Oliver! writer Lionel Bart ‘pinched’ tunes

LAST UPDATED AT 11:59 ON Mon 19 Jan 2009

Rowan Atkinson is currently winning rave reviews for his portrayal of Fagin in the new West End production of Oliver!, which has taken more than £15m in advance bookings. Because of this, attention has focused once more on the show's composer, the late Lionel Bart, and whether he was entirely responsible for all of the hit musical's famous tunes, among them Consider Yourself and Oom-Pah-Pah.

Joan Clark, a director at the Unity Theatre in Camden where Bart worked prior to his success with Oliver!, maintained up until her death that the lyrics to the songs had in fact been written by her, and that Bart had never credited her.

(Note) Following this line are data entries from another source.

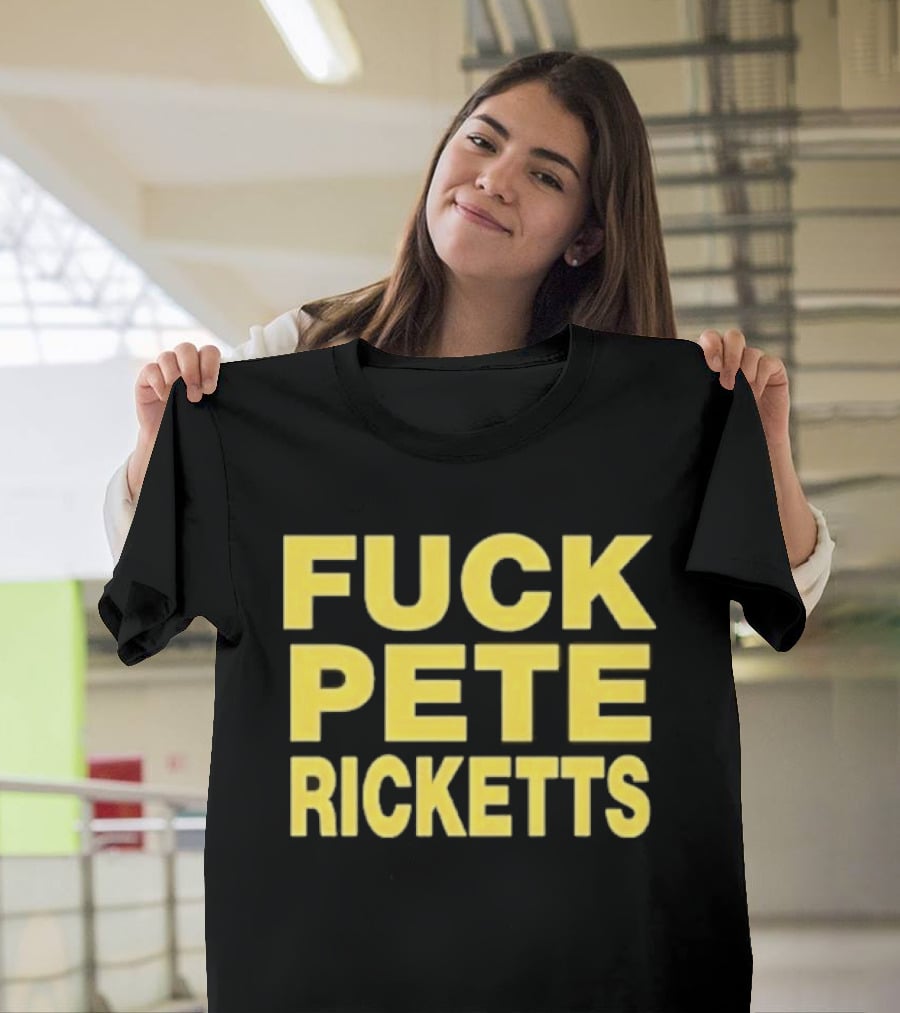 F**k Pete Ricketts T-Shirt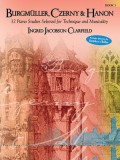 Burgmuller, Czerny &amp; Hanon: Book 3: 32 Piano Studies Selected for Technique and Musicality
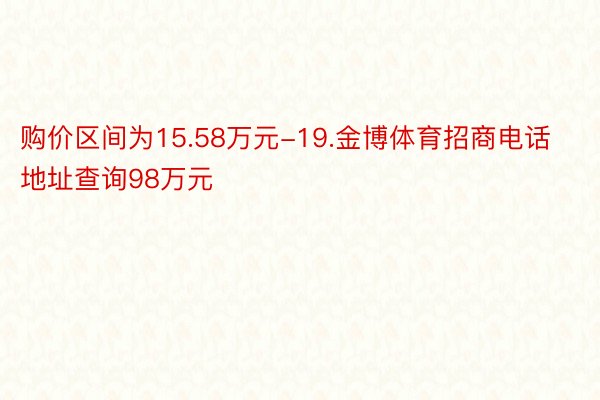 购价区间为15.58万元-19.金博体育招商电话地址查询98万元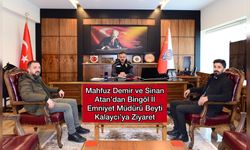 Mahfuz Demir ve Sinan Atan’dan Bingöl İl Emniyet Müdürü Beyti Kalaycı’ya Ziyaret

Now Rita Wagland, who once lived in a flat above Bart’s – she would hear him playing versions of numbers from Oliver! on his piano – claims that the musical company of the Unity Theatre had written many of the numbers collectively for their musical revues years earlier. In addition to this, Wagland says that he didn't write Living Doll, the song made famous by Cliff Richard.

"Living Doll wasn't written by Lionel. It was written by some young musician lads at the Unity Theatre who used to accompany the shows. They never saw a penny," she tells the London newspaper, the Camden New Journal. "Lionel pinched a lot of stuff, but you could never dislike him despite all that. There was something about him."